Today is the birthday
. . . of Ravi Shankar. Norah Jones’ father is 90. That’s Ravi last month with daughter Anoushka Shankar. Click the link. The music is lovely.
Shankar is not one-dimensional. Apart from pursuing a career as a classical performer, he has also experimented outside this field. For this reason he has attracted criticism from purists. Some of this, especially during the Beatles era, undoubtedly had an element of jealousy to it; some was certainly warranted, because Shankar did take many chances. In fact, that was one of the things that kept his music exciting. To use a cricketing image — baseball would be wholly inappropriate — Shankar’s batting average has remained high throughout a long and illustrious career.
. . . of Hendley “The Scrounger,” Bret Maverick and Jim Rockford. That’s James Garner, 82 today.
. . . of Trapper. Wayne Rogers is 77.
. . . of Governor Moonbeam. Jerry Brown is 72.
. . . of Francis Ford Coppola. The Oscar-winning writer and director is 71. Coppola has been nominated 14 times overall, winning five, three for writing (Patton, Godfather and Godfather II). He won the best director and best picture Oscars for Godfather II.
. . . of David Frost. The journalist, television celebrity is 71.
. . . of Russell Crowe. The 3-time best actor Oscar nominee is 46. He won for Gladiator.
. . . of Tiki and Ronde. The Barber brothers are 70 today.
Eleanora Fagan was born on this date in 1915. We know her as Billie Holiday.
Miss Holiday set a pattern during her most fruitful years that has proved more influential than that of almost any other jazz singer, except the two who inspired her, Louis Armstrong and the late Bessie Smith.
Miss Holiday became a singer more from desperation than desire. She was named Eleanora Fagan after her birth in Baltimore. She was the daughter of a 13-year-old mother, Sadie Fagan, and a 15-year-old father who were married three years after she was born.
The first and major influence on her singing came when as a child she ran errands for the girls in a near-by brothel in return for the privilege of listening to recordings by Mr. Armstrong and Miss Smith.
. . .At Jerry Preston’s Log Cabin, a night club, she asked for work as a dancer. She danced the only step she knew for fifteen choruses and was turned down. The pianist, taking pity on her, asked if she could sing. She brashly assured him that she could. She sang “Trav’lin’ All Alone” and then “Body and Soul” and got a job–$2 a night for six nights a week working from midnight until about 3 o’clock the next afternoon.
Miss Holiday had been singing in Harlem in this fashion for a year or two when she was heard by John Hammond, a jazz enthusiast, who recommended her to Benny Goodman, at that time a relatively unknown clarinet player who was the leader on occasional recording sessions.

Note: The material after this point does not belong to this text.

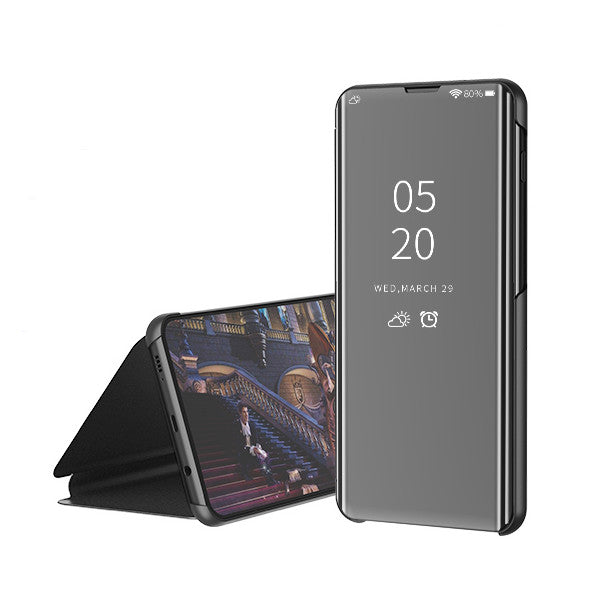 Bakeey Plating Mirror Window Shockproof Flip Full Cover Protective Case for Xiaomi Mi9T/Mi 9T PRO / Xiaomi Redmi K20 / Redmi K20 PRO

She made her first recording, “Your Mother’s Son-in-Law” in November, 1933, singing one nervous chorus with a band that included in addition to Mr. Goodman, Jack Teagarden, Gene Krupa and Joe Sullivan.
Two years later Miss Holiday started a series of recordings with groups led by Teddy Wilson, the pianist, which established her reputation in the jazz world. On many of these recordings the accompanying musicians were members of Count Basie’s band, a group with which she felt a special affinity. She was particularly close to Mr. Basie’s tenor saxophonist, the late Lester Young.
It was Mr. Young who gave her the nickname by which she was known in jazz circles–Lady Day. She in turn created the name by which Mr. Young was identified by jazz bands, “Pres.” She was the vocalist with the Basie band for a brief time during 1937 and the next year she signed for several months with Artie Shaw’s band.
The New York Times (1959)
Billie Holiday, Francis Ford Coppola and James Garner — it ought to be a national holiday.